Settlement of Suit Against Canadian Publisher a Blow to Free Expression ... Could it Happen Here?
I've been following with interest (and not a little amusement) the dispute between Toronto's Rogers Publishing, publisher of Maclean's Magazine, and Quebec's Winter Carnival, the annual event that brings millions of tourists to Quebec City each January. Seemingly all of Quebec was upset by Maclean's use of the carnival's famous smiling snowman mascot, Bonhomme Carnaval, to illustrate an article on corruption in the province. The mascot is seen on the cover of the magazine's Oct. 4 issue carrying a briefcase brimming with cash.
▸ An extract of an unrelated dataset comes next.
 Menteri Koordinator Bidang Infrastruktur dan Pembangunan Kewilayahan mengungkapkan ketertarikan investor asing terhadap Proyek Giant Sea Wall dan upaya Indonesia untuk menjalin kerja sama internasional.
The use of the beloved image set off a political firestorm in famously fractionalized Canada, with some Québécois asking how the English-speaking provinces would feel if a similar image were published featuring Queen Elizabeth II. The Canadian House of Commons eventually passed a unanimous motion condemning the magazine.
If those folks really believe a carnival mascot ought to be invested with the same amount of cultural and historical capital as a monarch, they just might be taking their winter festival a tad too seriously. There is, however, the more serious question of whether a jolly fictional snowman (or at least the event he symbolizes) can be defamed. While initially saying they had the right to use the image, Maclean's eventually succumbed to political and legal pressure, issuing a statement Nov. 5 acknowledging that the snowman is the carnival's intellectual property and that its image might have been sullied by implying a connection with corruption. As part of a legal settlement, the magazine will pay an unspecified amount to the carnival.
Maybe the city where I work, Philadelphia, ought to consider similar measures every time our iconic Liberty Bell is used in a political cartoon to critique or illustrate public corruption. It'd be a great way to close the city's budget gap!
I'm kidding, of course. If I were a publisher in Canada, though, I'd be worried about the precedent set here for future legal action aimed at political satire and parody. Satire is a key form of political expression, and, in the U.S., is traditionally a pretty no-holds-barred business. Because of this, purveyors do sometimes face lawsuits. Does anyone recall the 1980s case of the Rev. Jerry Falwell and an ad appearing in Hustler magazine? I won't recount the details here, but suffice it to say, Falwell lost, partly because the court found "no reasonable person would believe the situation depicted in the ad to be true." A few years later, the right of the rap group 2 Live Crew to sing a parodic version of the song "Pretty Woman" was also upheld by the courts, based on the principle of Fair Use. A magazine found itself on the other end of our liberal Fair Use laws when the courts affirmed the right of Paramount Pictures to mock a Vanity Fair cover in promoting the movie "Naked Gun: The Final Insult."
In the United States, I feel certain Rogers Publishing would have nothing to fear from the courts for publishing a parodic image of a carnival mascot. I have to wonder, though—what if an American magazine chose to depict a jealously protected image—say, Mickey Mouse—in a very negative light? At the very least, deep-pocketed Disney could certainly make things very difficult for all but the largest publishers, and with the industry in a perilous financial state, how many would be willing to take the chance? Maybe, when it comes to this facet of free speech, we're not so different from Canada after all.